7534. — À M. LE CLERC[1].
Avril.

Je suis aussi sensible, monsieur, à votre prose qu’à vos vers ; ils m’ont plu, quoiqu’ils me flattent trop ; mais, entre nous, le plus galant homme est toujours un peu faquin dans le cœur.

Il y a longtemps, monsieur, que je vous dois autant de félicitations que de remerciements sur les différents ouvrages que vous avez eu la bonté de m’envoyer. Je les regarde comme le dépôt de ce que la physique, la morale, et la politique, ont de bon, d’essentiel, et de grand. Je n’ai pas été en état de vous payer mes dettes. Il y a près de deux mois que je suis malade : j’irai bientôt trouver votre bon empereur Yu, et je me renommerai de vous en lui faisant ma cour. Je n’oublierai pas non plus de me mettre aux pieds de l’empereur Yong-Tching, qui a chassé si poliment les jésuites. En attendant, conservez-moi une amitié qui réponde à celle que vous m’avez inspirée. Vous réunissez, monsieur, les talents utiles et agréables, vous possédez une grande connaissance des hommes ; puissiez-vous donc, après avoir simplifié la médecine du corps et de l’esprit avec tant de succès, simplifier encore une autre chose dans laquelle on a mis tant d’ingrédients qu’on en a fait un poison ! Cette tâche est digne de l’interprète de la nature et de l’apôtre de l’humanité.
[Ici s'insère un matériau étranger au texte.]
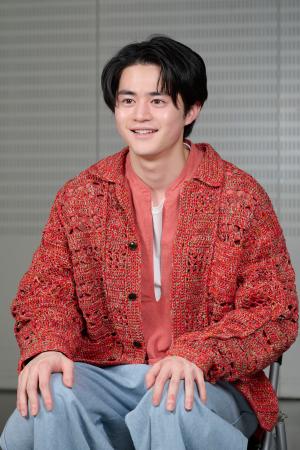 　「高橋一生さんの一人二役を近くで見られるのは楽しみ」と話す鈴鹿央士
Si jamais vous repassez par nos déserts, je me flatte que vous préférerez mon ermitage aux cabarets de Genève : vous y trouverez un homme qui vous est dévoué ; ainsi point de cérémonies, s’il vous plaît, entre deux philosophes faits pour être amis.
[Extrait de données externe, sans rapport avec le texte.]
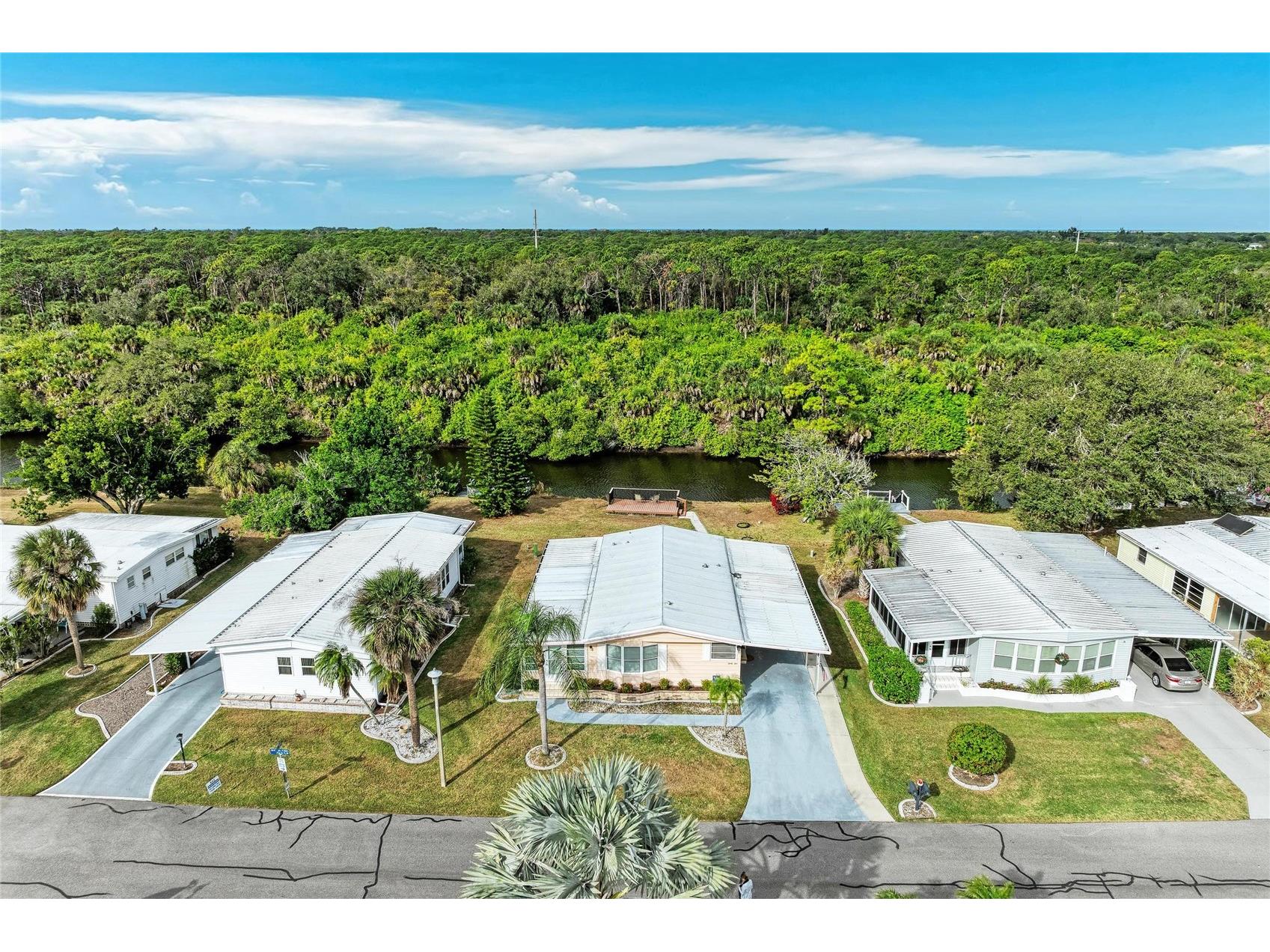 35 Castle Drive Nokomis FL 34275 - SHAKET CREEK N6142118 image1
  1. Nicolas-Gabriel Clerc ou Leclerc, né à Baume-les-Dames le 6 octobre 1726, mort à Versailles le 30 décembre 1798, avait été médecin de l’hetman des Cosaques, puis après être revenu en France était retourné, en 1769, en Russie avec le titre de premier médecin du grand-duc. C’était pour l’éducation de ce prince qu’à la demande de Catherine il avait composé Yu le Grand confucius, histoire chinoise, 1769, in-4°. Son Histoire naturelle de l’Homme considéré dans l’état de maladie avait paru en 1767, deux volumes in-12. Parmi ses autres ouvrages, on remarque une Histoire de Russie en six volumes et les Maladies du cœur et de l’espit, deux volumes in-8°. (B.)